Quercetin is an antioxidant flavonol that’s found in foods such as red grapes, green tea, elderflower and onions, to name a few.1 As the health benefits of the supplement become more widely known, the market has grown rapidly.2 According to market research, quercetin market was worth $261.12 million in 2020 and is expected to reach $406.58 million in 2027.
Quercetin has a wide range of benefits, which has made it useful for a variety of different health conditions. In the last two years, the antiviral benefits of quercetin have been the focus of many studies.3 However, there are other, lesser-known benefits, including the effects as a senolytic agent against senescence-mediated cancer growth.4
It is perhaps most well-known as a strong antioxidant5 and antiviral.6 For example, Elderflower extract, which is rich in quercetin, is a traditional tonic used to boost immunity. In supplement form, quercetin has been used to prevent and treat the common cold and influenza.7
According to Mount Sinai,8 quercetin should be used with caution as it may interact with certain antibiotics by reducing the effectiveness of the drug. It may also enhance the effect of some blood thinners, which can increase your risk of bleeding. In addition to these, it may interact with corticosteroids, digoxin, cyclosporine and fluoroquinolones.
Quercetin Effect on Senescence-Mediated Cancer Cells
A paper9 published in August 2022 in Nutrition Research analyzed the pro-apoptotic effect that quercetin has on aging cells. The paper reviewed preclinical and early phase data using quercetin as a senolytic agent and found the data showed it was effective in “preventing or alleviating cancer formation.”

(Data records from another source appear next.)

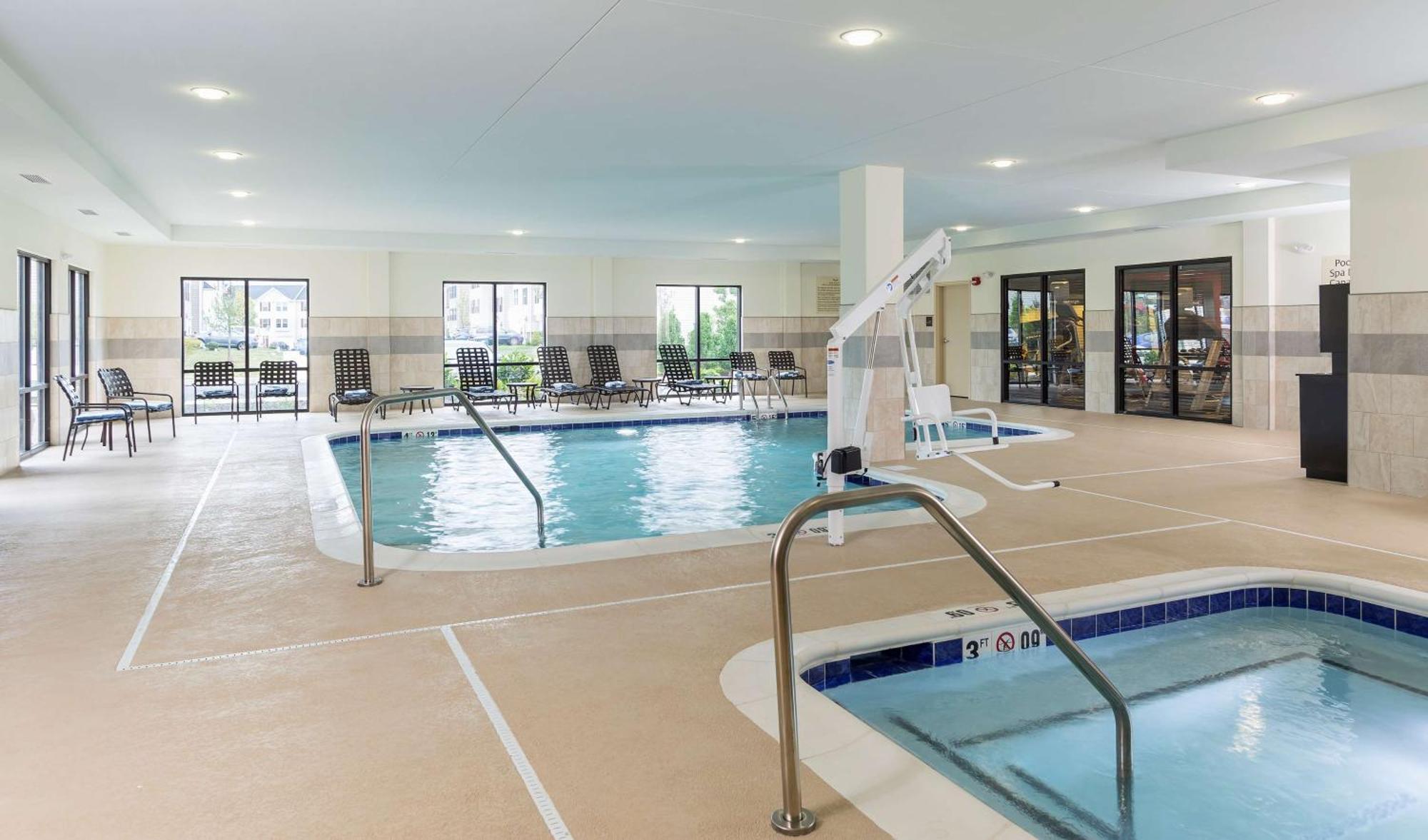 Hotel Hampton & Philadelphia Montgomeryville 3*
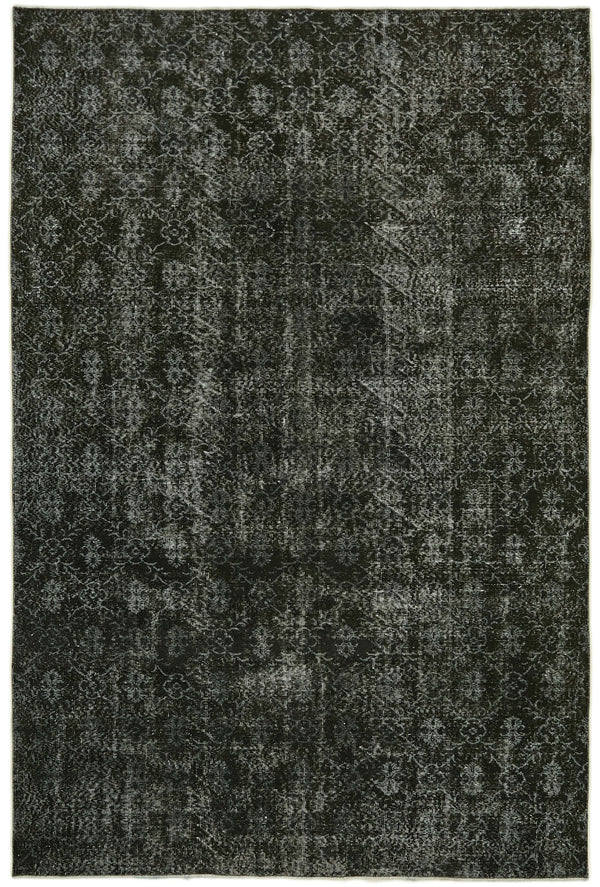 Handmade Overdyed Area Rug > Design# OL-AC-41222 > Size: 7'-2" x 10'-9", Carpet Culture Rugs, Handmade Rugs, NYC Rugs, New Rugs, Shop Rugs, Rug Store, Outlet Rugs, SoHo Rugs, Rugs in USA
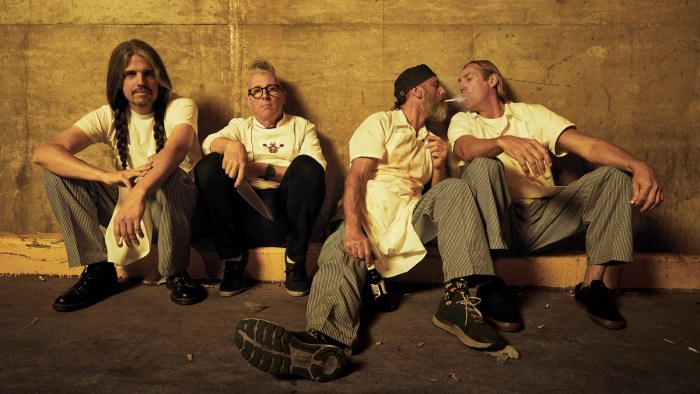 ​Tool unveil first new track 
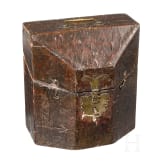 Barock-Schatulle, s&uuml;ddeutsch, 18. Jhdt.
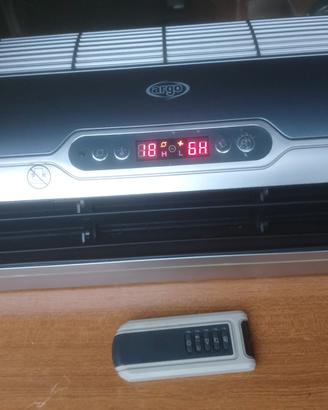 termoventilatore Argo mod.splitto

The authors reviewed the importance of cellular aging in the development of cancer cells and the effect that quercetin may have on the suppression of cancer cell proliferation. Research has found that cellular aging can suppress tumor development, but paradoxically can also enhance cancer development.10
Cellular senescence is a dynamic and multi-step process that is associated with alterations in metabolic activity and gene expression.11 This can compromise tissue regeneration and contribute to aging. On the other hand, by removing senescent cells, age-related dysfunction can be attenuated and potentially extend the lifespan.
One paper12 published in 2008 recognized that animal studies had demonstrated quercetin could prevent chemically-induced cancer growth and epidemiological studies found it was associated with preventing lung cancer. One study13 focused on the effect that physiologically attainable doses of quercetin had on the inhibition of cancer cell proliferation. The researchers believed their study demonstrated quercetin had chemopreventive properties.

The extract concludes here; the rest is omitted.